21 Types of Insects in the Amazon Rainforest

Types of insects in the Amazon rainforest
Photo by Isabella Jusková

When most of us think of animals in the Amazon jungle, the amazing megafauna that comes to mind are things like giant snakes, parrots, jaguars, monkeys, and toxic frogs.

It turns out that the largest percentage of occupants are different types of insects in the Amazon rainforest, and their sheer quantity is staggering!

The Amazon basin is home to about 2.5 million distinct species of insects; more specifically, only one acre of rainforest is home to up to 70,000 different species of insects.

It is home to the greatest number of butterfly species found anywhere in the world (7,000 of the world’s 20,000 butterfly species), and it is estimated that ants make up 30% of the total animal biomass in the Amazon basin!

The Amazon is home to a wide variety of bizarre and fascinating insect species, many of which appear plucked from the set of the most outlandish science fiction film.

We have produced 21 types of insects in the Amazon rainforest.

1. Bullet Ant

Bullet Ant
by Arthur Chapman is licensed under CC BY-NC 2.0

Although its name suggests otherwise, the bullet ant is not a particularly aggressive insect.

On the other hand, when it comes to protecting its nest, it is quite ferocious.

This insect, which is between 0.7 and 1.2 inches (18 and 30 mm) long, has a powerful sting that can reach 4.0 or higher on Schmidt’s sting pain index.

This ant is used in the rituals that initiate warriors into the Sateré-Mawé indigenous tribe in Brazil, which is quite a peculiar practice.

They weave the ants into gloves, and youngsters wear them for anything between five and ten painfully slow minutes.

To accomplish the goal of the ritual, these sessions are performed around twenty times for several weeks or years.

2. Blue Morpho Butterfly

Blue Morpho Butterfly
by Armando Maynez is licensed under CC BY 2.0

The blue morpho’s wingspan is anywhere from 5 to 8 inches, making it one of the world’s largest butterflies (12.5 to 20 cm).

Because of the minuscule scales on the backs of their wings, they have a brilliant, iridescent blue coloration.

When its wings fold, the underside of the morpho’s wings has a drab brown tint with many eyespots, providing it with concealment from potential predators such as birds and insects.
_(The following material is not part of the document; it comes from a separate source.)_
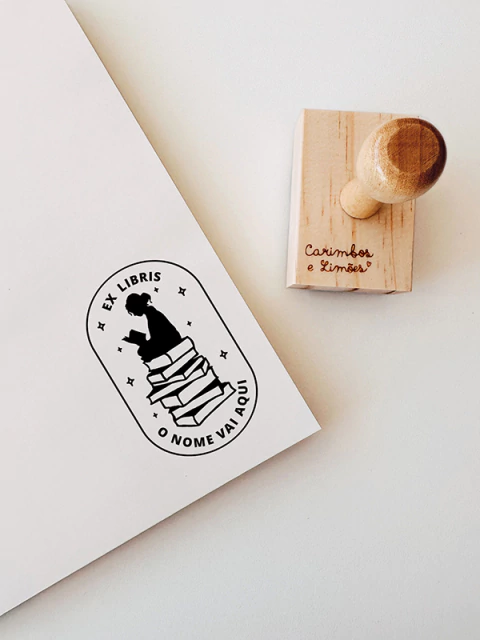 Carimbo livros - Ex Libris Personalizado com nome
When the blue morpho is in flight, the colors of the contrast—bright blue and dull brown—flash, giving the impression that the morpho is constantly appearing and disappearing.

3. Tetragonisca Angustula

Tetragonisca Angustula
by Carlos Eduardo Joos is licensed under CC BY 2.0

This stingless bee is one of the very types of insects in the Amazon Rainforest. Its length ranges from 0.16 to 0.2 inches (4-5 mm).
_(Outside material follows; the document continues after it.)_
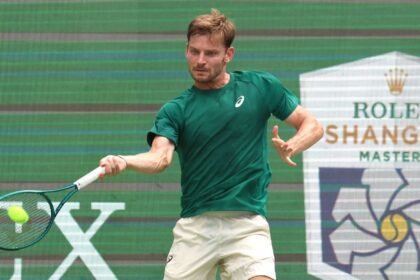 David Goffin overcomes one set of losses, advances in Shanghai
Narrower wing venation and bristles on its leg are two further distinguishing features of this bee species.

Additionally, special caste army bees are significantly larger than their worker bee counterparts.

In general, the behavior of Tetragonisca angustula concentrates upon producing offspring and colonizing a new nest.

In addition, the stingless bee is one species that has expanded over the neotropics the most.

It is well known for pollinating 30–80% of the plants in its biomes, and it feeds on a variety of plant species.

4. Army Ant

Army Ant
by Judy Gallagher is licensed under CC BY 2.0

Army ants are types of insects in the Amazon rainforest. It has a body that is either black or dark brown, and its abdomen is orange in color.

The length of major army ants can reach up to 0.5 inches (about 1 cm), whereas the length of minor army ants can reach up to 0.25 inches.

Their heads are a lighter shade of orange, and their legs are a darker shade of orange. They have a darker, more extended mandible.

These particular insects living in the Jungle go through two phases of activity: the mobile and immobile phases.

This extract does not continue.